**What you are asked to do:** In the lines below, look for "Baseball". Copy each line where it appears.

-=-=-=-=-

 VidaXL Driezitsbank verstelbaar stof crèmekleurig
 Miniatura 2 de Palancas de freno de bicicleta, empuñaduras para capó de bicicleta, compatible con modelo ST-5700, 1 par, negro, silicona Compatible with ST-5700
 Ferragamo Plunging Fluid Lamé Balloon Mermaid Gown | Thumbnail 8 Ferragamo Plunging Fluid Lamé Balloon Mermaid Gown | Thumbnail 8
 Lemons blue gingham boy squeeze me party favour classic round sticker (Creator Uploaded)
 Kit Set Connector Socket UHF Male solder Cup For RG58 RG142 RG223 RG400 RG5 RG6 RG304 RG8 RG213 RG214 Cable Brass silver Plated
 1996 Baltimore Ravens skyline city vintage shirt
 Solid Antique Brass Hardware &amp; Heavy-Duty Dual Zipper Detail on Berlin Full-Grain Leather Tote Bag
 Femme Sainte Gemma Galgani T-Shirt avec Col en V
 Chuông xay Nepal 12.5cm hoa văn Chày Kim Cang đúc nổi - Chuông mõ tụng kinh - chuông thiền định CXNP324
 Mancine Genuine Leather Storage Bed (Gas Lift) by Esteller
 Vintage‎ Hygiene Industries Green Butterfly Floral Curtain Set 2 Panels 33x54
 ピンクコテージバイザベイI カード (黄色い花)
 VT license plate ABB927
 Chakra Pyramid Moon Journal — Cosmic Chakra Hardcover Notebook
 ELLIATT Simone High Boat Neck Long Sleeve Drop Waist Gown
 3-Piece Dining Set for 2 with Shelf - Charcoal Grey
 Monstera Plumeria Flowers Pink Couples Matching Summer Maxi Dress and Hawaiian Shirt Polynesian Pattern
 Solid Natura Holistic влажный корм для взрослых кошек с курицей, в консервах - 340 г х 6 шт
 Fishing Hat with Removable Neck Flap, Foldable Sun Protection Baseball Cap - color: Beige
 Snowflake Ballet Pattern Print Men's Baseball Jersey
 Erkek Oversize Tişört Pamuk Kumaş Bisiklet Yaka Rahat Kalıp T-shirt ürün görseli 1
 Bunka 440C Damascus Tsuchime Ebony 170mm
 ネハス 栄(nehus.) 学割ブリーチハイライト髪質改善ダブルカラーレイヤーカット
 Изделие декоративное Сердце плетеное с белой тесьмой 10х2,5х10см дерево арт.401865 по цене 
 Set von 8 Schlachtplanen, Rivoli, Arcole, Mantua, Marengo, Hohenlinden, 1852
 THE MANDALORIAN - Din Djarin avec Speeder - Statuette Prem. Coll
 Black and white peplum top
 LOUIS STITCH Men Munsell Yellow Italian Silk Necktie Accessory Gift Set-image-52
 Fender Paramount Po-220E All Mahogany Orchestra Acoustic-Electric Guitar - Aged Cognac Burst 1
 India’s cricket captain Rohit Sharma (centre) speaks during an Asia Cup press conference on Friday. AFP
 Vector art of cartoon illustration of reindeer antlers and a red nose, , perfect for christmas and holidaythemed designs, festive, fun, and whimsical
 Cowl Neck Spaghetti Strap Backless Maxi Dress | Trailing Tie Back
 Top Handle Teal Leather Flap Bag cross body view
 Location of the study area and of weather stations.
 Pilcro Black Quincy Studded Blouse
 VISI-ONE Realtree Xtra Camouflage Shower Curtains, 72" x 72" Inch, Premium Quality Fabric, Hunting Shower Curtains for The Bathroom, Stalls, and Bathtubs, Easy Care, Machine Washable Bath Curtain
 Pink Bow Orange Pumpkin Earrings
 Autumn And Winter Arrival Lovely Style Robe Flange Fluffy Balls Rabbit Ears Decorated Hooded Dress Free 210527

-=-=-=-=-

**Completed task:**
 Fishing Hat with Removable Neck Flap, Foldable Sun Protection Baseball Cap - color: Beige
 Snowflake Ballet Pattern Print Men's Baseball Jersey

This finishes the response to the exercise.